After Cornelia died, the archive had been put into folders and been given a basic card catalog description, but not thoroughly. Due to this, Reno said, “the goal of the summer project with Thea was to produce a digital database of all the contents of the archive, which involved going through hundreds of individual documents and recording a description of their contents.”


The first stage of the project was more or less completed by the end of this past summer, “but there were still some gaps and inconsistencies as often happens with any large-scale project that unfolds over the course of several months.”


The diocese also maintains a larger archive on the property in a different building, which houses material related to the diocese as a whole, and is run by a full-time archivist.


“Starting next year we also plan to have students work in the larger archive, where they will actually get to work alongside a professional archivist and see how the fundamental work of preservation is done,” Reno said.


Reno hopes that students see the foundational work that makes everything historians do possible.

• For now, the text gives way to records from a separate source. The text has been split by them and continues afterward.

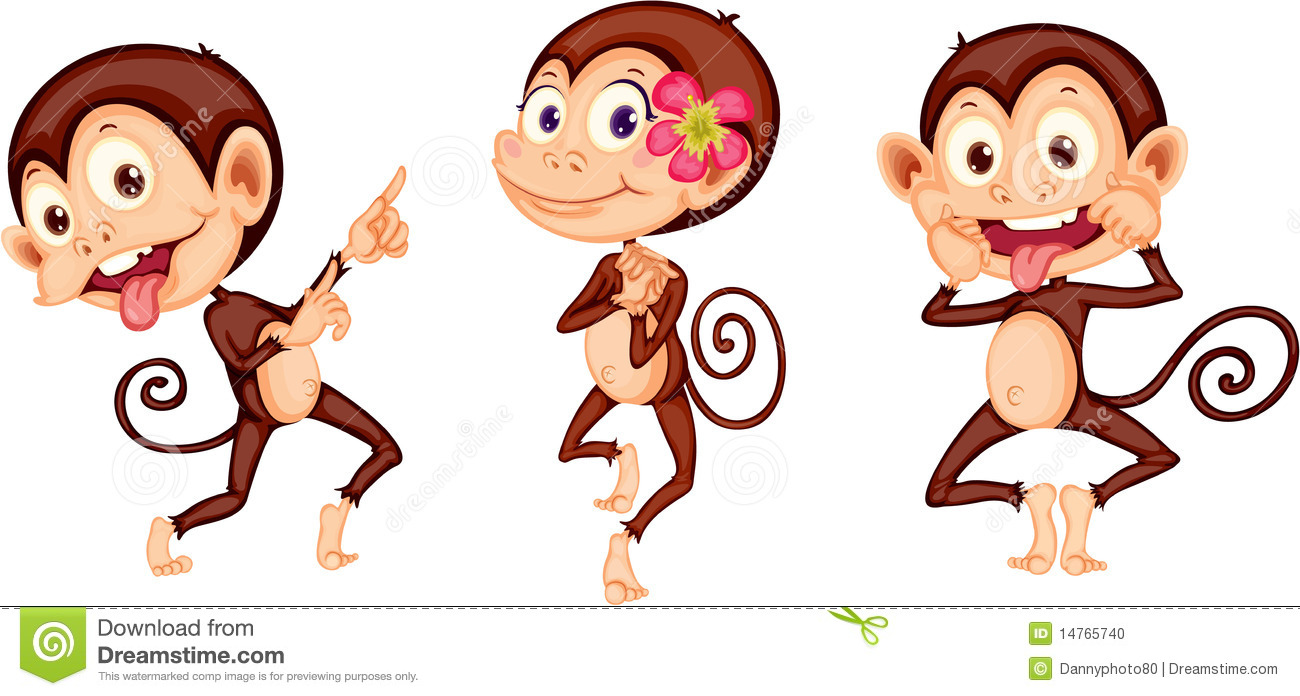 Three Monkeys Stock Photo   Image  14765740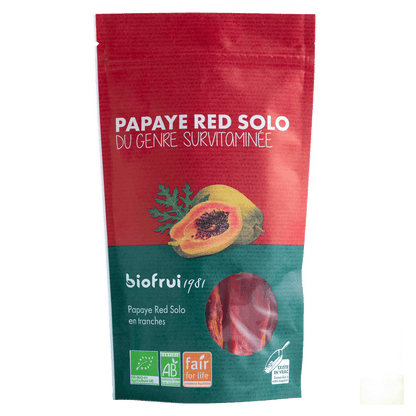Dried Red Solo Papaya Slices from Cameroon - Só Verde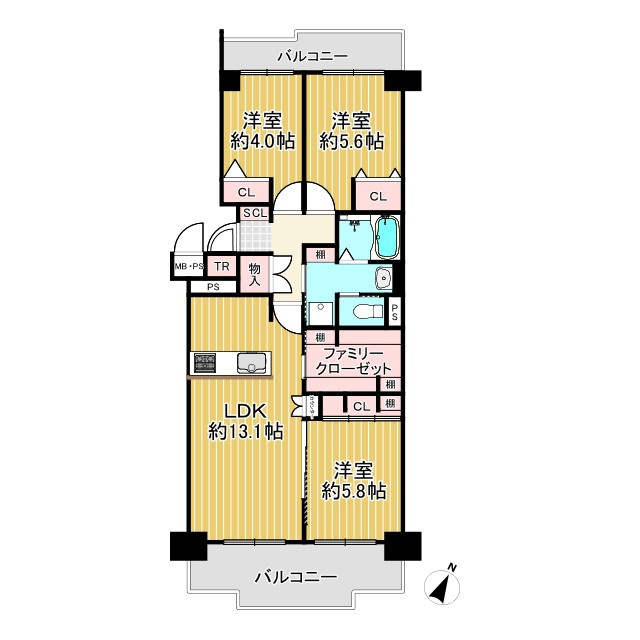 【価格改定】ユニライフ山崎4号棟の間取り|令和７年7月室内リノベーション済みです(^^)/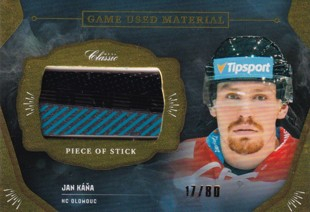 KÁŇA Jan OFS Classic 2020/2021 Game Used Material GUM-JKÁ /80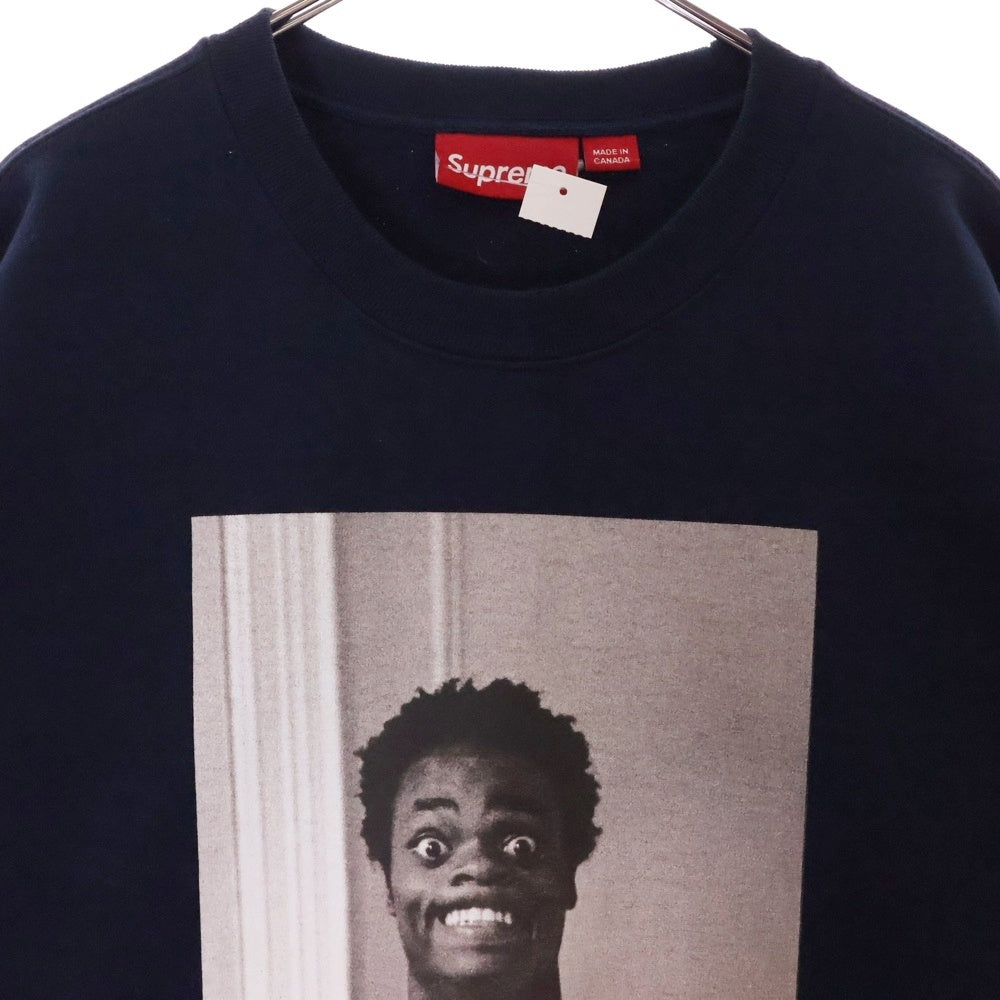 SUPREME(シュプリーム) 24AW Thrasher Crewneck スラッシャー フォトプリント クルーネックスウェットトレーナー ネイビー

“No archives, no history. In addition, I want them to understand the process by which an historical document or text goes from being hidden away in a folder, to maybe one day showing up in one of their sourcebooks they use in class, both as students in the present and teachers some day in the future,” Reno said. “Someone had to stumble across it, examine it, understand its importance, and then edit the text – including providing explanatory and contextual information – in order to make it usable for the general public. This is the indispensable work that makes it possible for us to do ours.”